INFO:lightwood-46866:GlobalFeatureImportance.explain() has not been implemented, no modifications will be done to the data insights.
Let’s check how a single row might look:
[37]:
forecasts.iloc[[10]]
[37]:
prediction | truth | order_Month | confidence | lower | upper | anomaly | |
---|---|---|---|---|---|---|---|
10 | [51.28799878891615, 46.76867159945164, 52.0899... | 51.0 | [-272577600.0, -269899200.0, -267220800.0, -26... | [0.24, 0.24, 0.24, 0.24, 0.24, 0.24] | [30.80746268275371, 26.288135493289204, 31.609... | [71.76853489507859, 67.24920770561408, 72.5704... | False |
You’ll note that the point prediction
has associated lower
and upper
bounds that are a function of the estimated confidence
the model has on its own output. Apart from this, order_Month
yields the timestamps of each prediction, truth
lets us know what is the one-step-ahead observed value (if it exists at all). Finally, the anomaly
tag will let you know if the observed value falls outside of the predicted region.
Visualizing a forecast¶
Okay, time series are much easier to appreciate through plots. Let’s make one:
NOTE: We will use matplotlib
to generate a simple plot of these forecasts. If you want to run this notebook locally, you will need to pip install matplotlib
for the following code to work.
[38]:
import matplotlib.pyplot as plt
[69]:
plt.figure(figsize=(12, 8))
plt.plot(forecasts['truth'].iloc[-24:], color='green', label='observed series')
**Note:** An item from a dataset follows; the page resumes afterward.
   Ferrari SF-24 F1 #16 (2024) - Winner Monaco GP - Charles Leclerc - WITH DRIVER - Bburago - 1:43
plt.plot([None for _ in range(forecasts.shape[0])] + forecasts.iloc[-1]['prediction'], color='purple', label='point prediction')
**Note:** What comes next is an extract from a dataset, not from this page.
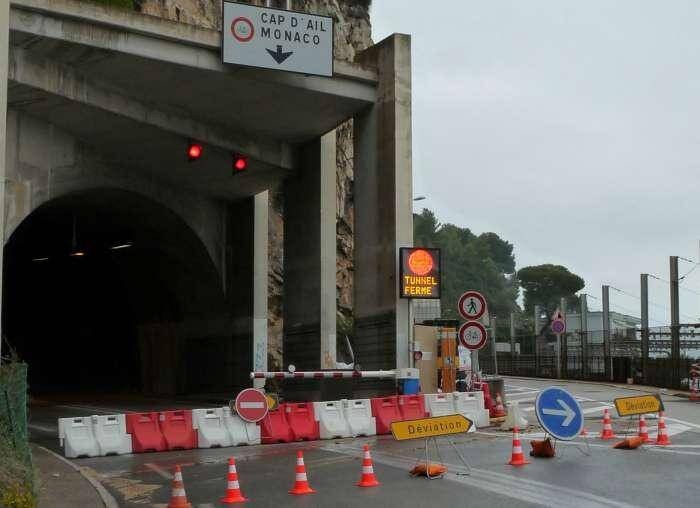 tunnel cap estel ferme eze trafic 150807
plt.plot([None for _ in range(forecasts.shape[0])] + forecasts.iloc[-1]['lower'], color='grey')
plt.plot([None for _ in range(forecasts.shape[0])] + forecasts.iloc[-1]['upper'], color='grey')
plt.xlabel('timestep')
plt.ylabel('# sunspots')
plt.title("Forecasted amount of sunspots for the next semester")
plt.legend()
plt.show()

Conclusion¶
In this tutorial, we have gone through how you can train a machine learning model with Lightwood to produce forecasts for a univariate time series task.
There are additional parameters to further customize your timeseries settings and/or prediction insights, so be sure to check the rest of the documentation.